Climate Change 2001:
Working Group III: Mitigation
Other reports in this collection Critical Assumptions in the Energy Sector

Table 7.4 provides an overview of the key assumptions behind mitigation cost studies for the energy sector. It is based on SAR (IPCC, 1996a, Chapter 8) and Halsnæs et al. (1998). Some of the new modelling areas that have important implications include assumptions on technology change, transaction costs and barrier removal policies, alternative demand projections (including lifestyle), and ancillary benefits. Similarly, assumptions related to climate change mitigation policies with major implications on costs include timing of the emissions reduction policies, and extent and function of global markets for emissions reduction projects.

The input assumptions are linked between the baseline case and the climate policy case in a complex way. There is the potential for many assumption combinations in baseline and mitigation scenarios, and the full set of assumptions in these two scenarios impacts the assessment of mitigation potential and related costs.

An OECD workshop in September 1998 (Mensbrugghe, 1998) concluded that the emissions reduction costs rely on baseline assumptions. Factors that lead to high cost estimates include high population and GDP growth rates, a relatively clean fuel mix, and relatively high energy costs. Among model parameters two areas were emphasized: the ability to substitute labour for energy, and the interfuel substitution elasticity. Low elasticities lead to high costs.

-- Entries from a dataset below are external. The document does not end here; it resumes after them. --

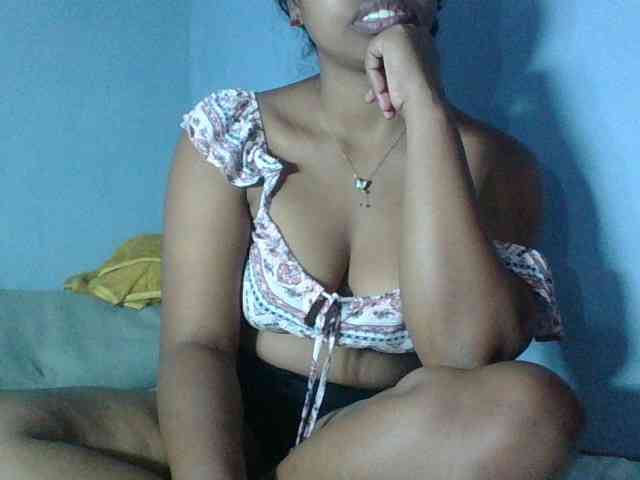 Miarizou webcam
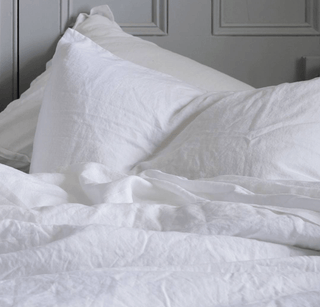The Cozy Comfort of Hemp Bed Sheets: Embracing Softness and Sustainability - Hemp Gallery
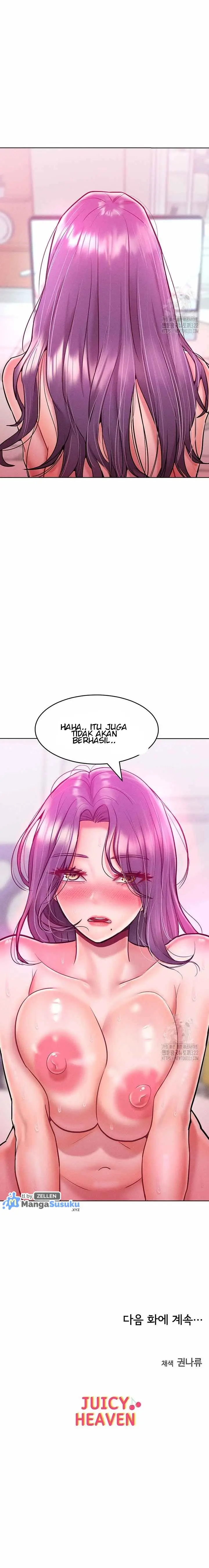image-komik-forcing-the-woman-i-despise-into-submission-chapter-20-22/24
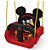Balanço Mickey Xalingo - Imagem 2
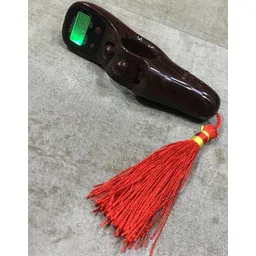 Digital Finger Counter for Prayer Digital Tally Counter-image-15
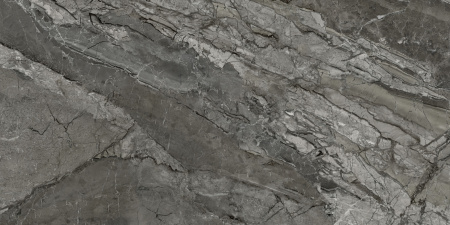 Керамогранит Mineral Graphite (LCM) 600х1200х7 - фото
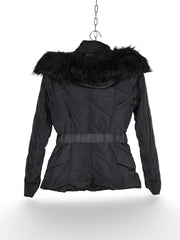 Geaca Guess - marimea S - Femei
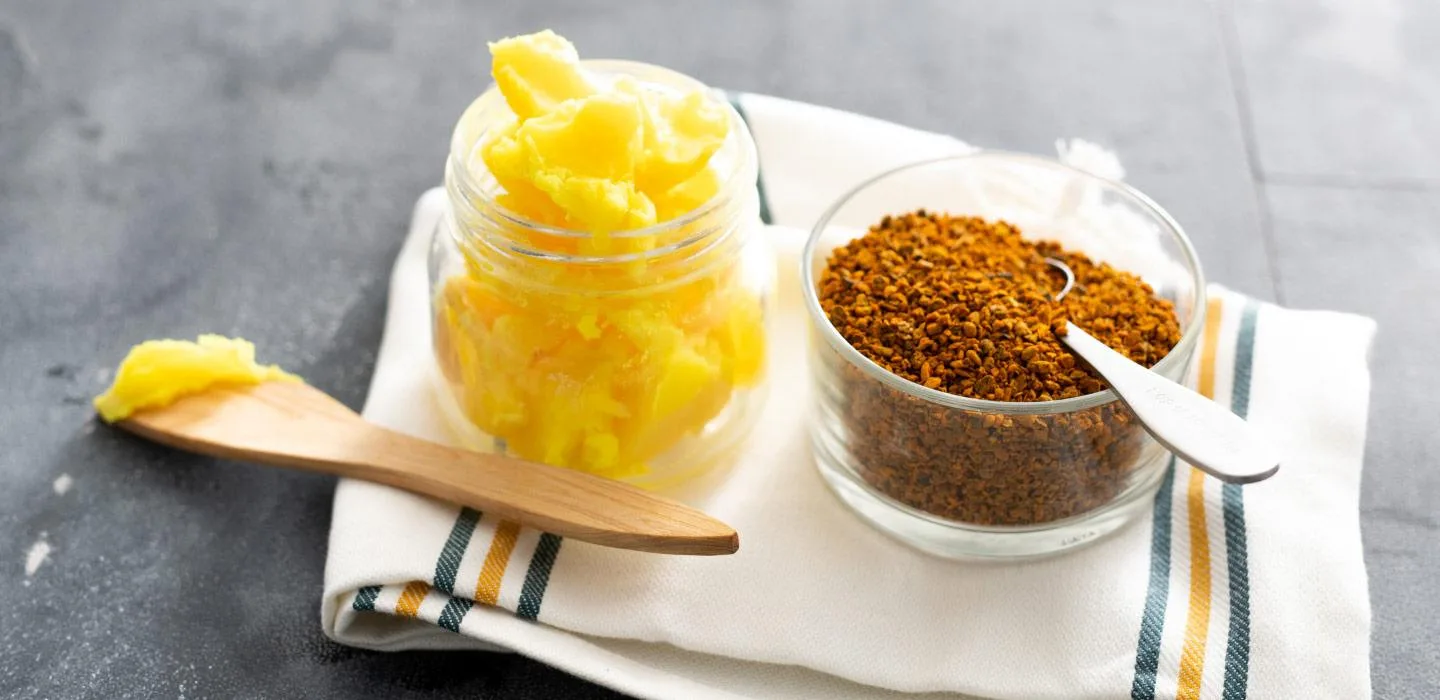 frontier-recipe-turmeric-infused-ghee-1440x700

Table 7.4: Input assumptions used in energy sector mitigation studies
Input assumptions Meaning and relevance
Population All else being equal, high growth increases GHG emissions.
Economic growth Increased economic growth increases energy-using activities and also leads to increased investment, which speeds the turnover of energy-using equipment. Various assumptions on GHG emissions and resource intensities can be used for alternative scenarios.
Energy demand  

– structural change

Different sectors have different energy-intensities; structural change therefore has a major impact on overall energy use.

– technological change

This “energy-efficiency” variable influences the amount of primary energy needed to satisfy given energy services required by a given economic output.

– “lifestyle”

Explains structural changes in consumer behaviour.
Energy supply  

– technology availability and cost

Potential for fuel and technology substitution.

– backstop technology

The cost at which an infinite alternative supply of energy becomes available; this is the upper bound of cost estimates.

– learning

Technology costs related to time, market scale, and institutional capacity.
Price and income elasticities of energy demand Relative changes in energy demand through changes in price or income, respectively; higher elasticities result in larger changes in energy use.
Transaction costs Implementation, administration, scale of the activity.
Policy instruments and regulation  

– instruments

Economic versus regulatory measures.

– barriers

Implementation costs, including costs of overcoming barriers either in the form of institutional aspects or improvements in markets (including capacity building and institutional reforms); behavioural assumptions.
Existing tax systems and tax recycling Recycling of carbon taxes; substitution of distortionary taxes decreases costs.
Ancillary benefits Integration of local and regional environmental policies in most cases generates secondary benefits.
  Social policy goals, like income distribution and employment, can result in different policy rankings.